Saved data entries

....

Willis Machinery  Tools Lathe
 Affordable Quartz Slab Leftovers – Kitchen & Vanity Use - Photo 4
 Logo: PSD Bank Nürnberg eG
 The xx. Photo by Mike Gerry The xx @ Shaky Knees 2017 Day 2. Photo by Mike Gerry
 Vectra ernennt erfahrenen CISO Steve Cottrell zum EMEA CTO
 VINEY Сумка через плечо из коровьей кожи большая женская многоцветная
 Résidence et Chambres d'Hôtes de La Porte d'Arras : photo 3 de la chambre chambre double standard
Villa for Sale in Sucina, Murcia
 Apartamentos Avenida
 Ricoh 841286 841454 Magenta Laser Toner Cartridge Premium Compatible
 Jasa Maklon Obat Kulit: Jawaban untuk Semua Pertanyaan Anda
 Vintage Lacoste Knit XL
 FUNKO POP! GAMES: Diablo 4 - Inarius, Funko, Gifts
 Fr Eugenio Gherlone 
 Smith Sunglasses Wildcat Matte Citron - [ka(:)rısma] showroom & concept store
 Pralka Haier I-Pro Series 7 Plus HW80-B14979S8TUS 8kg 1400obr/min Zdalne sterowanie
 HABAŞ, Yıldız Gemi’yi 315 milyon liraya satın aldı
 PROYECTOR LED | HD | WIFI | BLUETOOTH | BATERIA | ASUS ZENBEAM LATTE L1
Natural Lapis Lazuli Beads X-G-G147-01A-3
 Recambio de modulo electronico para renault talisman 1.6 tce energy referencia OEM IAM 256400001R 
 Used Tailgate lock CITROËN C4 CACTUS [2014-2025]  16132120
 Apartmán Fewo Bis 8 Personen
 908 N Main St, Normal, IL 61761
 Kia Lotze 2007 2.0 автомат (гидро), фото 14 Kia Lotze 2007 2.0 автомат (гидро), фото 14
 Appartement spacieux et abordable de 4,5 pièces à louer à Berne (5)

....

WORK INSTRUCTION - Reproduce, exactly as they stand in the data above, the lines from the one that holds "Apartamentos Avenida" to the one that holds "Fr Eugenio Gherlone", inclusive.

TASK RESULT -
 Apartamentos Avenida
 Ricoh 841286 841454 Magenta Laser Toner Cartridge Premium Compatible
 Jasa Maklon Obat Kulit: Jawaban untuk Semua Pertanyaan Anda
 Vintage Lacoste Knit XL
 FUNKO POP! GAMES: Diablo 4 - Inarius, Funko, Gifts
 Fr Eugenio Gherlone 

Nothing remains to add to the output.